> [To do]: Would you copy exactly the lines in the data below from the one that has "Red Lily Vase | 10 Flowers" through the one that has "small-and-cute-white-puppy - animale", dropping any pictures?

> [Source data]:

--------------------

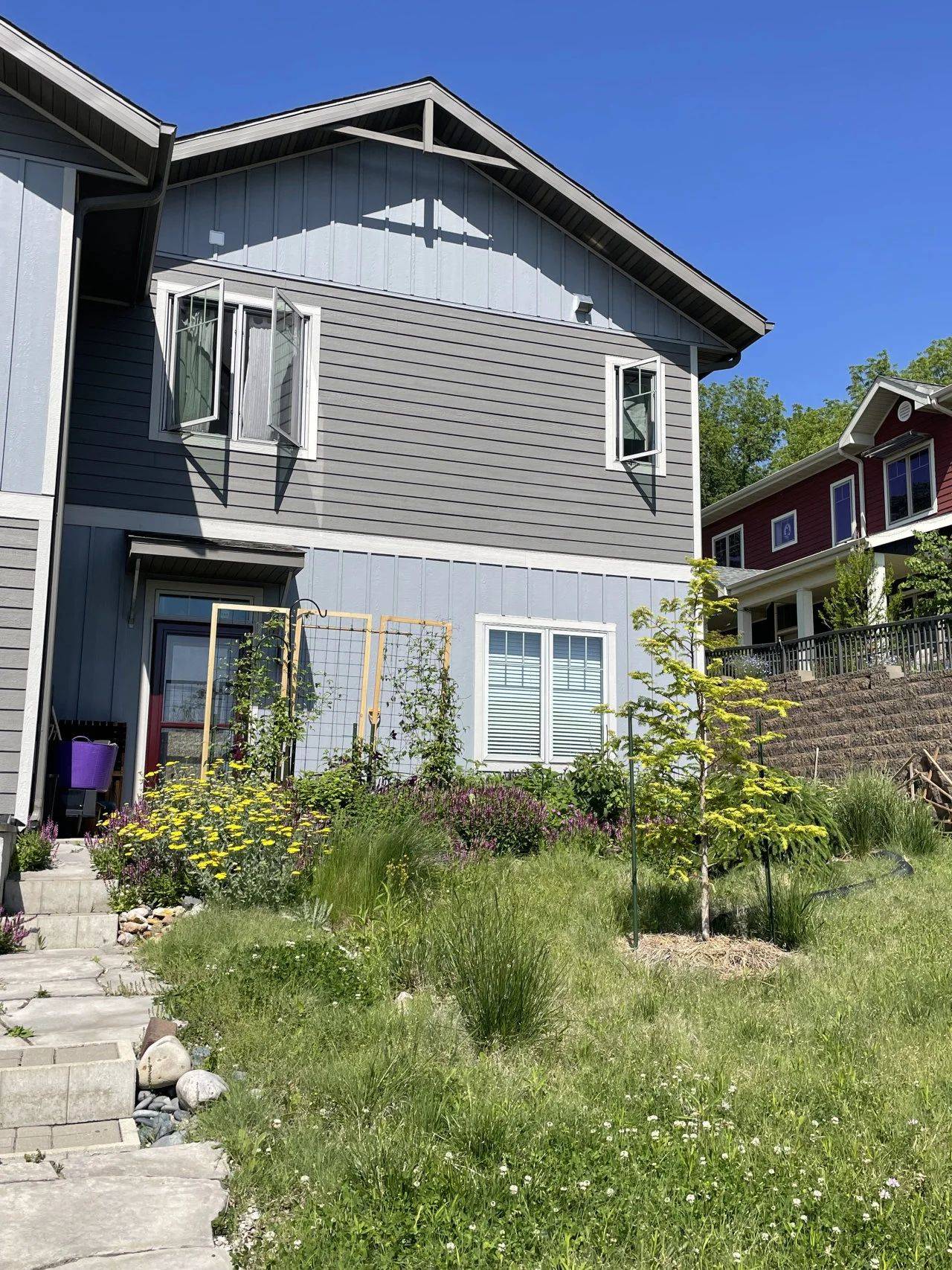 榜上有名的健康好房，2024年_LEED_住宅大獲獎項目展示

--------------------

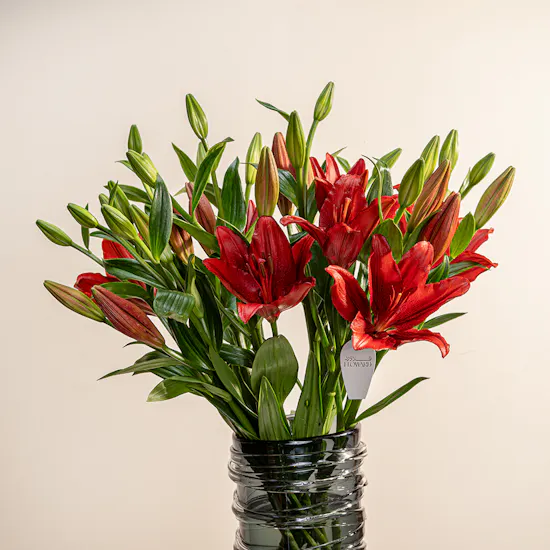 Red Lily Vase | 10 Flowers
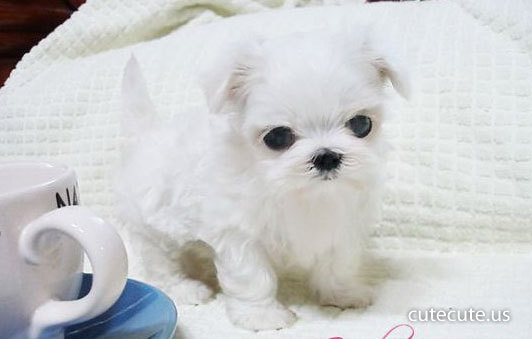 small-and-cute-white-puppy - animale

--------------------

> [Response to this task]:
 Red Lily Vase | 10 Flowers
 small-and-cute-white-puppy - animale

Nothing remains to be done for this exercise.